The MBBS-PhD programme is a significant milestone in medical education in Singapore. In July 2000, the Faculty of Medicine, National University of Singapore launched this programme in collaboration with the Institute of Molecular and Cell Biology, with support from the Economic Development Board, and the Agency for Science, Technology and Research, Singapore. The objectives of the programme are to nurture and develop the talents of the brightest medical students by integrating clinical and basic biomedical research training, as well as to stimulate advanced basic and applied research in areas of growing importance to clinical medicine.
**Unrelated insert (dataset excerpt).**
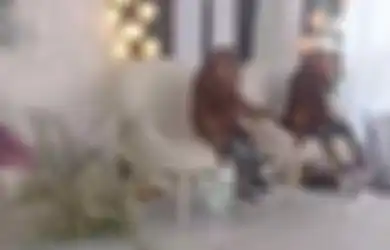 Mewah Bak Pernikahan Manusia, Pesta Perkawinan Sepasang Monyet Pakai Adat Jawa Ini Viral di TikTok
The programme also aims to train clinician-scientists who will interface basic biology and clinical practice to solve biomedical problems and spearhead biomedical research initiatives in Singapore. Successful MBBS-PhD graduates can pursue career tracks in clinical research, basic biomedical research or in the biotechnology industry.


The MBBS-PhD programme is a significant milestone in medical education in Singapore. In July 2000, the Faculty of Medicine, National University of Singapore (NUS) launched this programme in collaboration with the Institute of Molecular and Cell Biology (IMCB), with support from the Economic Development Board (EDB), and the Agency for Science, Technology and Research (A*STAR). The major impetus for initiating the programme is the recognition that clinician-scientists have important roles to play in biomedical research and training. Clinician-scientists have unique and integrated perspectives arising from their dual understanding of disease processes and basic biology. These perspectives are critical in directing translational research and teaching activities in the investigation and solution of biomedical problems in Singapore as it aspires to be a world-class hub for biomedical research and healthcare. In view of the nature of their work and training, clinician-scientists have better access to both clinical and basic science research materials, and to collaborative networks.